Performance and Efficiency Enhancements

Air is fed to the cathode side of the fuel cell stack to provide the oxygen needed for the power
generation process. Typically, 50 to 100 percent more air is passed through the cathode than is
required for the fuel cell reactions. The fuel cell can be operated at near-ambient pressure, or at
elevated pressures to enhance stack performance. Increasing the pressure, and therefore the
partial pressure of the reactants, increases stack performance by reducing the electrode over
potentials associated with moving the reactants into the electrodes where the catalytic reaction
occurs. It also improves the performance of the catalyst. These improvements appear to
optimize at approximately three atmospheres pressure if optimistic compressor characteristics
are assumed. 20 More realistic assumptions often result in optimizations at ambient pressure
where the least energy is expended on air movement. Because of these characteristics,
developers appear to be focused on both pressurized and ambient pressure systems.

Capital Cost

This section provides estimates for the installed cost of fuel cell systems designed for CHP
applications. Capital costs (equipment and installation) are estimated in Table 3 for four of the
six typical fuel cell systems presented in Table 1. Estimates are “typical” budgetary price levels.
Installed costs can vary significantly depending on the scope of the plant equipment,
geographical area, competitive market conditions, special site requirements, prevailing labor
rates, and whether the system is a new or retrofit application.

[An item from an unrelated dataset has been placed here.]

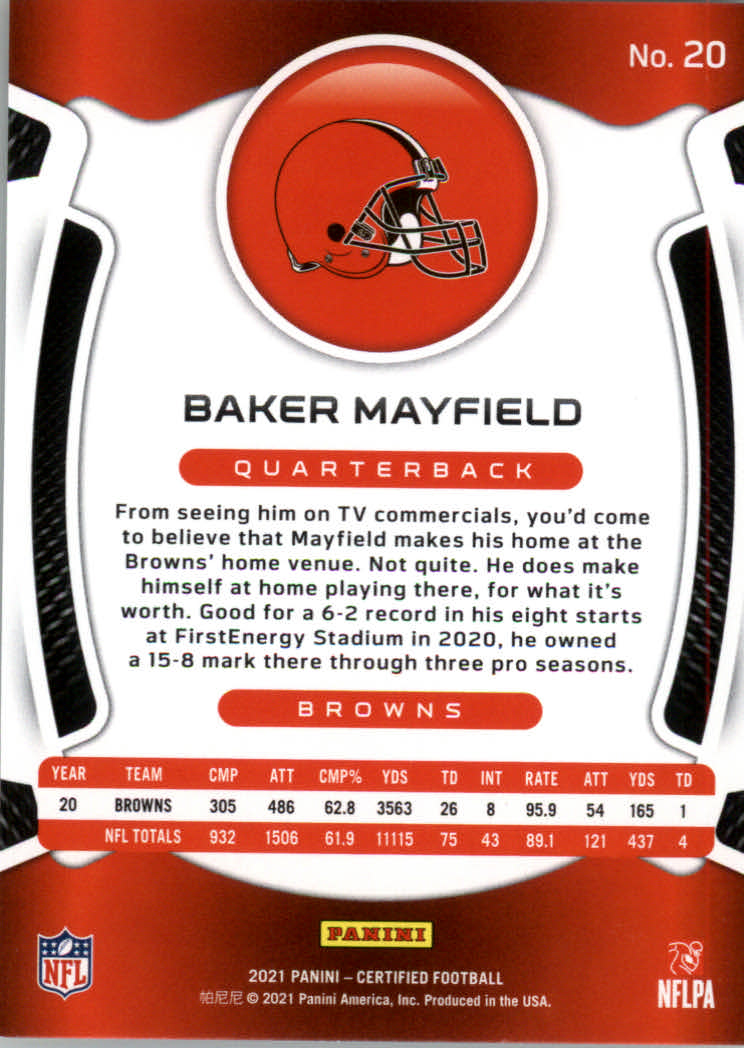 2021 Certified Football Card Pick (Base)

Costs for the three commercial systems are based on developer estimates and project filings
under the California Self Generation Incentive Program. The cost estimate for the small PEMFC
system is based on a published assessment of available systems. 21


20
  Ibid., p. 90.
21
  “Status of Fuel Cell Technology for Distributed and Portable Power Generation,” Breakthrough Technologies,
Inc., www.fuelcells.org.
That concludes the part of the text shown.